When Should These Option Trades Be Done?
When should a ratio
or backspread be done, and what is the proper ratio
of options for these spreads? Anyone trading these
spreads should have some idea of where the market
will be trading in the future. For example, buying a
call spread is a bullish strategy, whereas selling a
call spread is a bearish strategy, but selling a
straddle may be neither, and is instead, a
volatility play.
Anyone wanting to seriously trade options should have an
idea
of
delta neutral
option trading. This
will be discussed later. Ratios or backspreads should not be done simply for credits,
or because they require less cash outlay than a 1 by
1 spread.
Backspreads may
be highly profitable when markets become
volatile and trend strongly, which is exactly
when ratios become unprofitable. If markets are
quiet or trend slowly, backspreads become
unprofitable and ratios become profitable.

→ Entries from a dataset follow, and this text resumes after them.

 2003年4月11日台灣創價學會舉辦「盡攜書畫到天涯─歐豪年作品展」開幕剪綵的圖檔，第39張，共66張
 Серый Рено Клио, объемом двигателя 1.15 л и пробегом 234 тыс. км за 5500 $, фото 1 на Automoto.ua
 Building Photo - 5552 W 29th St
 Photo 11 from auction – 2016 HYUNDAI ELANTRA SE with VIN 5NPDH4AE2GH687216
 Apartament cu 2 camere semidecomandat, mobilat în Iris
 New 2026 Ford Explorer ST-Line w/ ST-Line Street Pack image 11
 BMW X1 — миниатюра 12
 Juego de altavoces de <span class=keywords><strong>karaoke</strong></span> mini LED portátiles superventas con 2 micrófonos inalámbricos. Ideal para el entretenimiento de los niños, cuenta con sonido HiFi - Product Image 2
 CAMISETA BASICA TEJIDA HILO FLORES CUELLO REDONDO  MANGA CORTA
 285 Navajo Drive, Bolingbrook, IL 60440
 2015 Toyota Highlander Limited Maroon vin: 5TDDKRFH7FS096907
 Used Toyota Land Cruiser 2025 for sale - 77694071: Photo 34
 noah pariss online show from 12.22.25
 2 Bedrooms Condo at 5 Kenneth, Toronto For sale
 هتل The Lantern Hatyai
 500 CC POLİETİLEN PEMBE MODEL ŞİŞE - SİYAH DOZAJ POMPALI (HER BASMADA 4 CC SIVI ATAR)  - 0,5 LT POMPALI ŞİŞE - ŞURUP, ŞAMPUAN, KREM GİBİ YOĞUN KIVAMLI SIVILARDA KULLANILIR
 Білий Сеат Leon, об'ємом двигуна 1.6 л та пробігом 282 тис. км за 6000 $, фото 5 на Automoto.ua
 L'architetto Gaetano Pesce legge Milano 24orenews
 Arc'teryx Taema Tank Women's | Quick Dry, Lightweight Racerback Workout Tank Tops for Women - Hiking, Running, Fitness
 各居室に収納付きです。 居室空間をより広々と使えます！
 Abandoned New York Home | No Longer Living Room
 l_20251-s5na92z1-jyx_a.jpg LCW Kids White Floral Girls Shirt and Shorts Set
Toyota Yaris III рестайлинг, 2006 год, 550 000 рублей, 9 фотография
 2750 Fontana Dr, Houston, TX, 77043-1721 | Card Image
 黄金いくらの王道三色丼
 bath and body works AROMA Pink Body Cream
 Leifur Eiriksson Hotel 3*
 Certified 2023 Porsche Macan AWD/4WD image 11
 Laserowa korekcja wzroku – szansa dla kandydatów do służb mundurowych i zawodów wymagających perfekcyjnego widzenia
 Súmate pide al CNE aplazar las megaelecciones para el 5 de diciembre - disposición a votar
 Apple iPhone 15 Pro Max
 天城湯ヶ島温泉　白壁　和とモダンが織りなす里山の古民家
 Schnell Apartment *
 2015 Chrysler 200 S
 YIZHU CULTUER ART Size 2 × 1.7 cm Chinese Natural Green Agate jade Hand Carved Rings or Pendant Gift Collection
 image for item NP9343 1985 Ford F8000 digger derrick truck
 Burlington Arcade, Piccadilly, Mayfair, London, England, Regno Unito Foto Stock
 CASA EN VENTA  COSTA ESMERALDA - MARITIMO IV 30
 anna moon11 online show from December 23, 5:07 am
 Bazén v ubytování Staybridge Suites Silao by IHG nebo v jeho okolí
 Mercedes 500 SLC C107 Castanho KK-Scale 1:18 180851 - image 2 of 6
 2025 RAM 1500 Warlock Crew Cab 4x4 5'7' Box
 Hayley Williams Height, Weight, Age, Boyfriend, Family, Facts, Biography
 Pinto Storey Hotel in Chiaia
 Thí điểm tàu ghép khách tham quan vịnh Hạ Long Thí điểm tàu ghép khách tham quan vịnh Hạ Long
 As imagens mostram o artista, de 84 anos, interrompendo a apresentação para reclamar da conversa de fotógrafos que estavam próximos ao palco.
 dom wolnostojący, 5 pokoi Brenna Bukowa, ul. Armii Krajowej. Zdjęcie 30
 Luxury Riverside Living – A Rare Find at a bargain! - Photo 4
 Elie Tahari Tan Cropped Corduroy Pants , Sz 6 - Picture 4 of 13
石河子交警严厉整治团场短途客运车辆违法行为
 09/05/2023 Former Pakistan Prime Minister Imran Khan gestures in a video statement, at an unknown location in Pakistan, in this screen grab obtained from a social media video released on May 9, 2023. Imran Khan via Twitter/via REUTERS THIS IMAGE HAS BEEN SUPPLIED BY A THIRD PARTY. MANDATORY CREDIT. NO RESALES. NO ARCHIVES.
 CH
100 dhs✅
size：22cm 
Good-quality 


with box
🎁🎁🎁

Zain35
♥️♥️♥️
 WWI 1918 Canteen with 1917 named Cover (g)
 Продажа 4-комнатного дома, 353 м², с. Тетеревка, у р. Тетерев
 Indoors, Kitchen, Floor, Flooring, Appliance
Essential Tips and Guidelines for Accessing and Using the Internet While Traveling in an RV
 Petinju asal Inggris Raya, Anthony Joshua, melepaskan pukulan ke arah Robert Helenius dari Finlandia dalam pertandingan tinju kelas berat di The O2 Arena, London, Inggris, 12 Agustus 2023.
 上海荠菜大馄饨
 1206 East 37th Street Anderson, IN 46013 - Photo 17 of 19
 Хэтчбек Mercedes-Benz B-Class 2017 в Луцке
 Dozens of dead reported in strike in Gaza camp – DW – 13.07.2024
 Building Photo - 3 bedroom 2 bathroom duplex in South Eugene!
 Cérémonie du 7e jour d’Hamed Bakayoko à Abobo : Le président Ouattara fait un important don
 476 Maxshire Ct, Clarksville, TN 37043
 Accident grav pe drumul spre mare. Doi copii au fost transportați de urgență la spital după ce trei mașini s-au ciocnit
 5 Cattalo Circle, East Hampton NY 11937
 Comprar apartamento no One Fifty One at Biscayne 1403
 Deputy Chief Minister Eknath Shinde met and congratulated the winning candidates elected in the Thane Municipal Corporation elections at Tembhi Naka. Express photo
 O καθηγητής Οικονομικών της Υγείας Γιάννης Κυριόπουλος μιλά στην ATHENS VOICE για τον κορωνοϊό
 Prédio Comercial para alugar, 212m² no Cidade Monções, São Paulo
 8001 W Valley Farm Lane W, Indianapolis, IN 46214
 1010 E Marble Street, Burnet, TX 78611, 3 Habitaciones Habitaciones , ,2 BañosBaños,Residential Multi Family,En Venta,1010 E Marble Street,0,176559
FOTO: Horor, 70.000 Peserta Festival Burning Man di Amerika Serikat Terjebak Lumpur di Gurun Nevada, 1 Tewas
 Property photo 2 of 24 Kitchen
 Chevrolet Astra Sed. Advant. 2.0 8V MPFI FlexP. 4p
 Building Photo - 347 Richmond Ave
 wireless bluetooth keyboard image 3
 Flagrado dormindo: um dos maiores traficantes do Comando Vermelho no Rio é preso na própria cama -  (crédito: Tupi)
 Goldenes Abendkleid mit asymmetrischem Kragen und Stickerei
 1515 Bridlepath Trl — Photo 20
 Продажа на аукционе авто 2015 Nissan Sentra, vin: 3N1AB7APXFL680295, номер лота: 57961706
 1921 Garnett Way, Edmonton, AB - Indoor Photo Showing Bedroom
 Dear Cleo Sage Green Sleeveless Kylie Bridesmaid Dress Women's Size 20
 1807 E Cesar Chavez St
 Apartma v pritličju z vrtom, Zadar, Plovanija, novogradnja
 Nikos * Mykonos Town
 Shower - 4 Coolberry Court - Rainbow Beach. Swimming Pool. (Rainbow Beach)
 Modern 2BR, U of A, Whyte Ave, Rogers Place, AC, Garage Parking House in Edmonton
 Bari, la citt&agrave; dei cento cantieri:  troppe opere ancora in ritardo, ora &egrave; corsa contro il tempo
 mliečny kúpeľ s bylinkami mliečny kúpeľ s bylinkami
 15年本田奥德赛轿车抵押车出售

Neither spread is better but the profit and loss
potential under varying times to expiration and
volatilities should be thoroughly understood
before trading them.
Many
option spreads do not trade market direction,
but instead market volatility. For example,
buying a straddle should be profitable in a
market which becomes highly volatile,
irrespective of whether the market goes higher
or lower. A ratio spread may make money in a
calm market, irrespective of whether the market
drifts higher or lower within a certain range.